◆ **Exercise data**

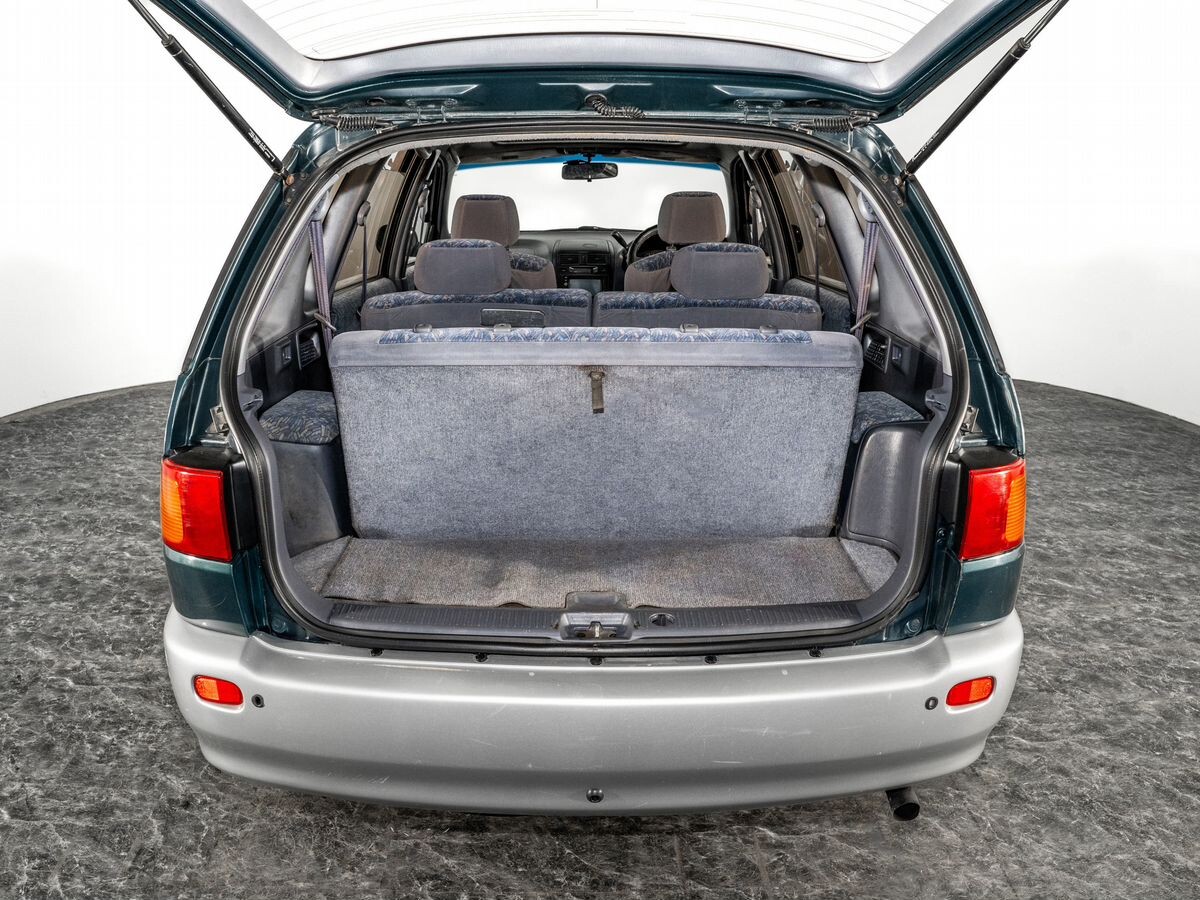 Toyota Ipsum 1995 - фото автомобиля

...

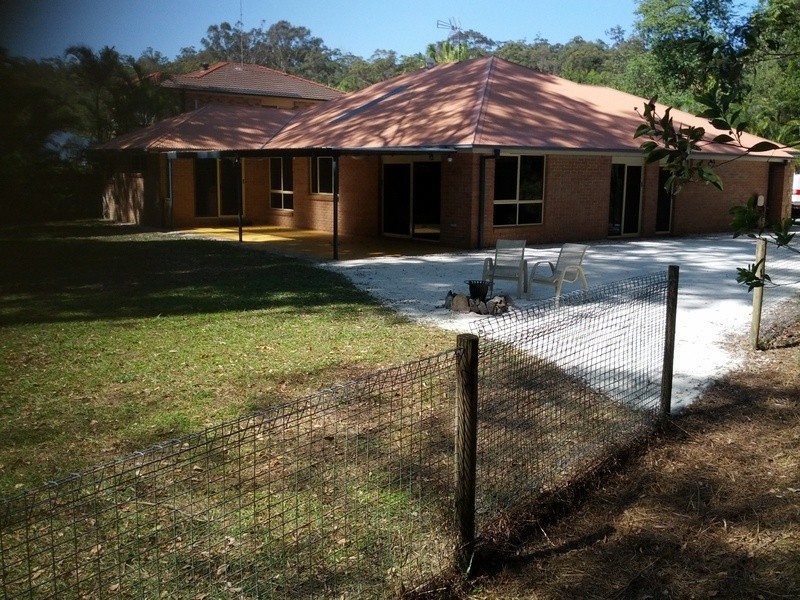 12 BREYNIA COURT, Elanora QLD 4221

---

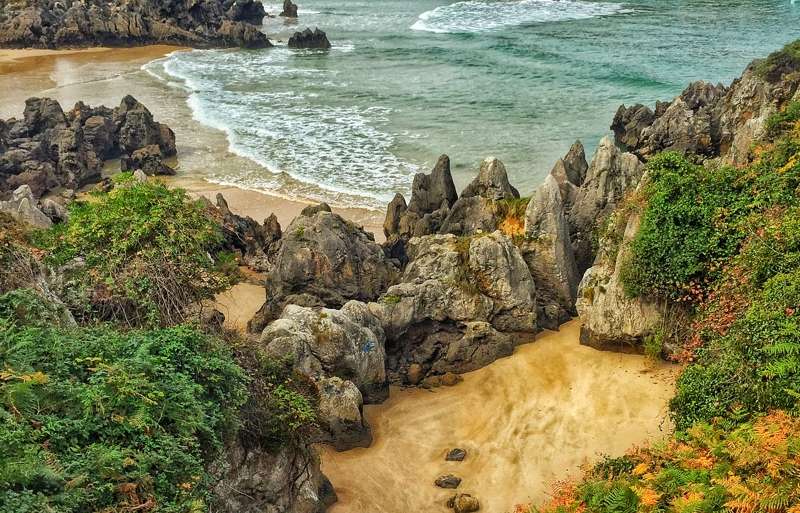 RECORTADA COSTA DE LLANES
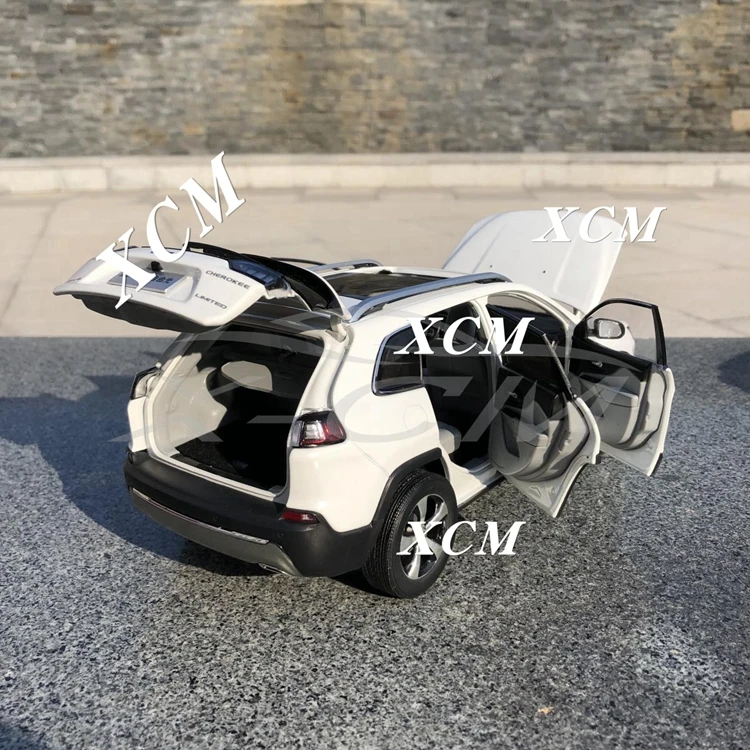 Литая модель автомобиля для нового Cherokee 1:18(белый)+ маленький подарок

◆ **Required work**
What to print is the stretch of entries from the line with "RECORTADA COSTA DE LLANES" up to and including the line with "Литая модель автомобиля". Please print it exactly and leave out the pictures.

◆ **Problem solution**
 RECORTADA COSTA DE LLANES
 Литая модель автомобиля для нового Cherokee 1:18(белый)+ маленький подарок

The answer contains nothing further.